* **EXERCISE DATA**
--------------------------------
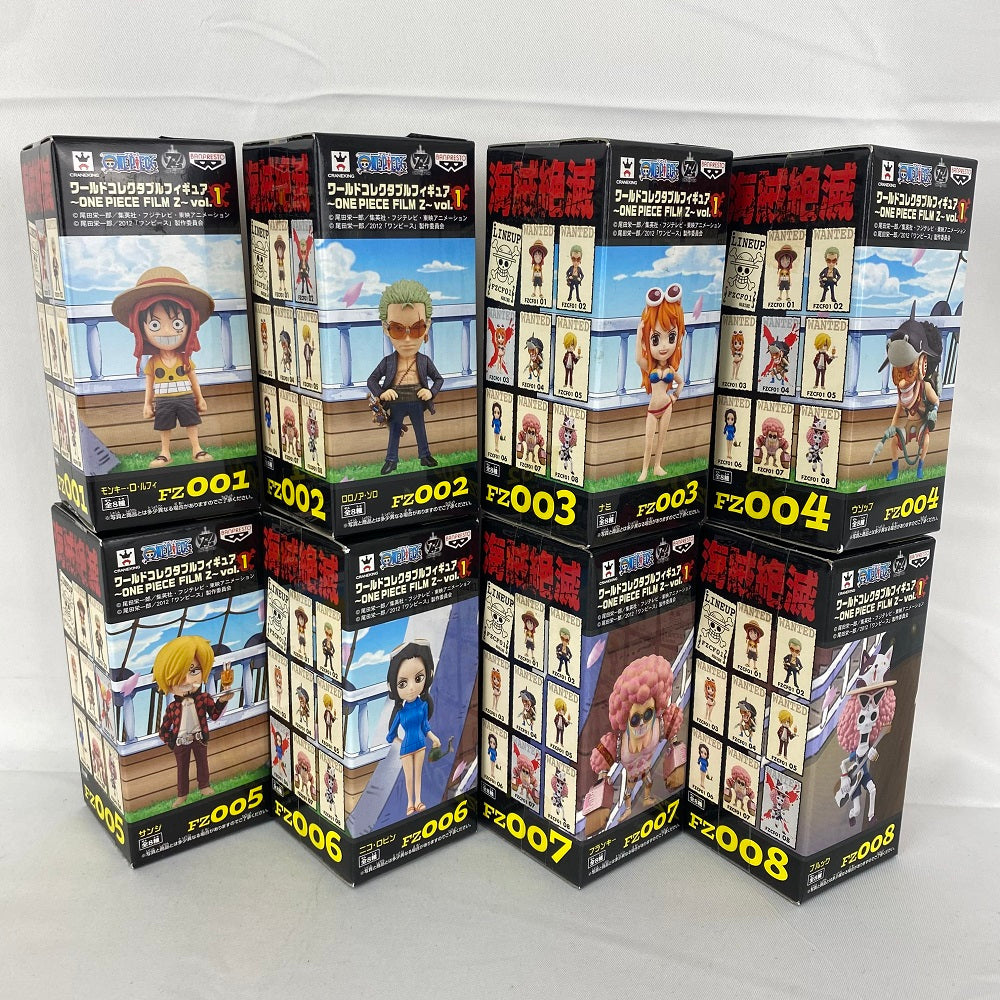 中古】【未開封】全8種セット 「ワンピース」 ワールドコレクタブル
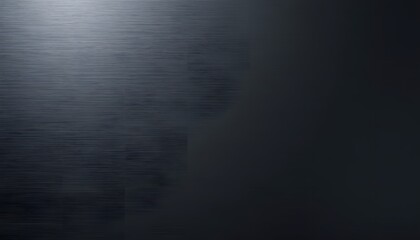 Poster - Close-up of brushed metal surface with a light gradient and dark areas, creating a textured abstract background.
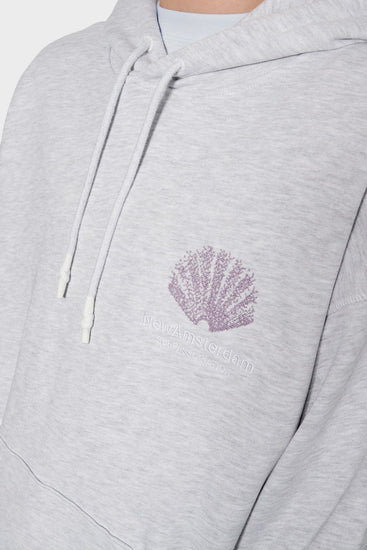 Худі SPRAYED LOGO сіре від NEW AMSTERDAM купити онлайн у магазині NEWBORN K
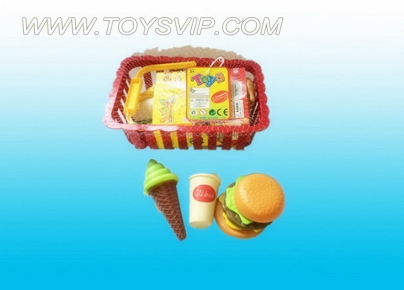 McDonald's food hand basket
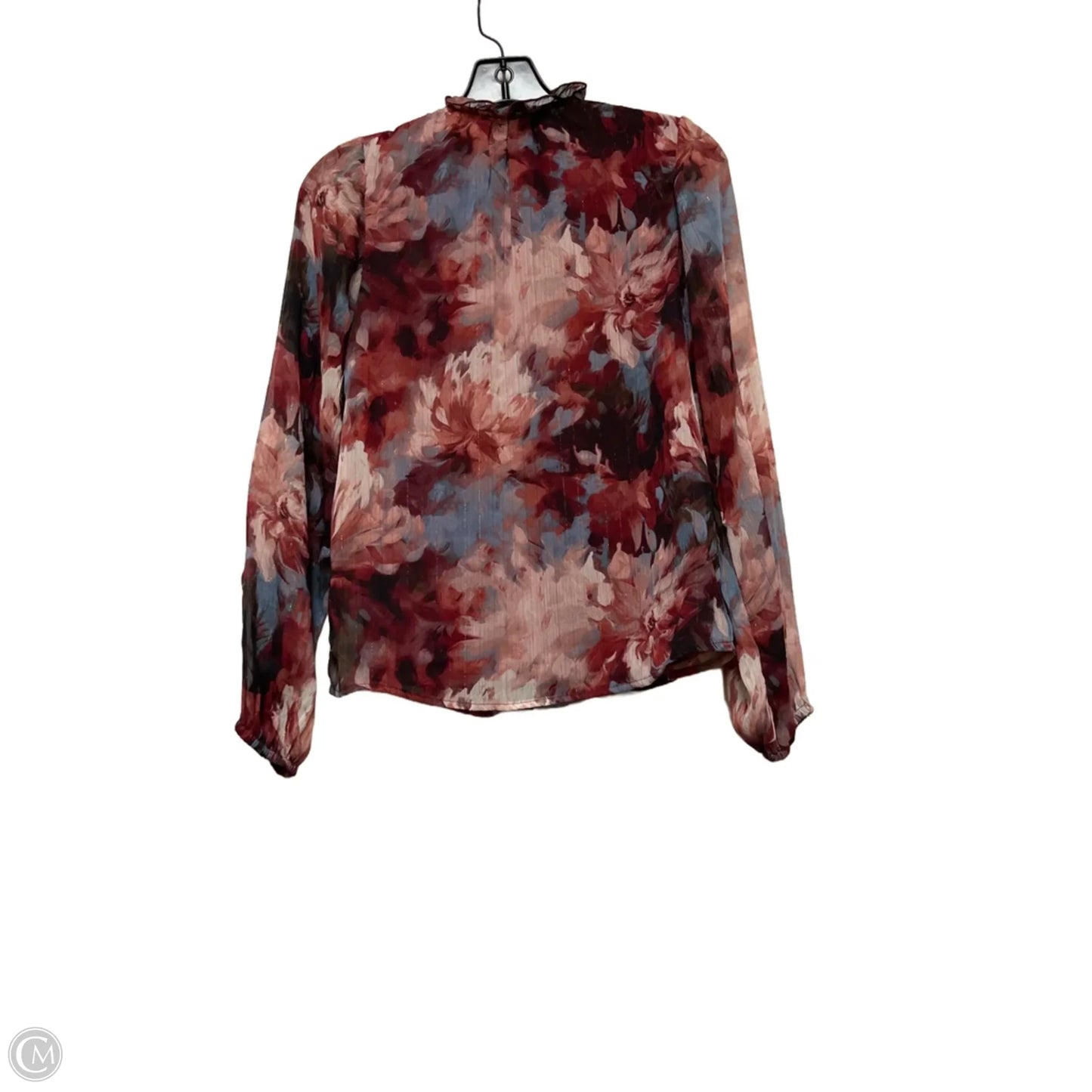 Top Long Sleeve By Tamara H In Maroon, Size: Xs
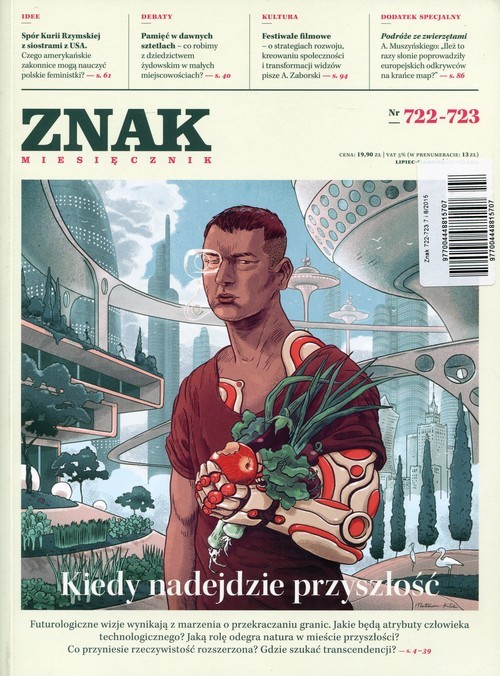 okładka Miesięcznik „ZNAK”, lipiec-sierpień 2015, nr 722-723 książka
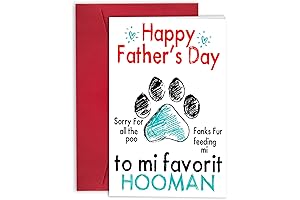 Personalized Dog Father's Day Card for Dog Moms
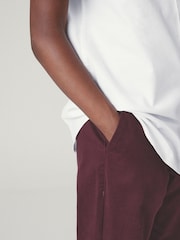 Burgundy Red Regular Fit Stretch Chino Trousers (3-16yrs) - Image 2 of 4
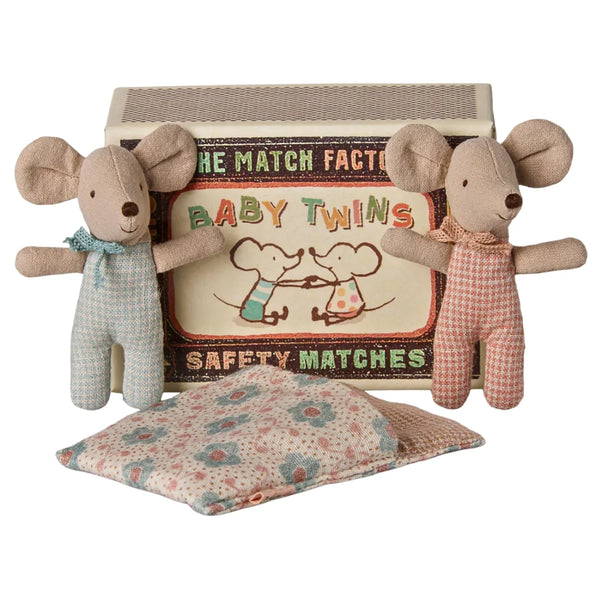 Twins Baby Mice in Matchbox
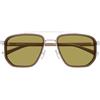 Gucci Occhiali da Sole GG2073S 005 Argento Marrone/Verde Uomo 55/19/145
--------------------------------
Print only the lines running from the one containing "Personalized Dog Father's" to the end of the data above, exactly; include no pictures.

 Personalized Dog Father's Day Card for Dog Moms
 Burgundy Red Regular Fit Stretch Chino Trousers (3-16yrs) - Image 2 of 4
 Twins Baby Mice in Matchbox
 Gucci Occhiali da Sole GG2073S 005 Argento Marrone/Verde Uomo 55/19/145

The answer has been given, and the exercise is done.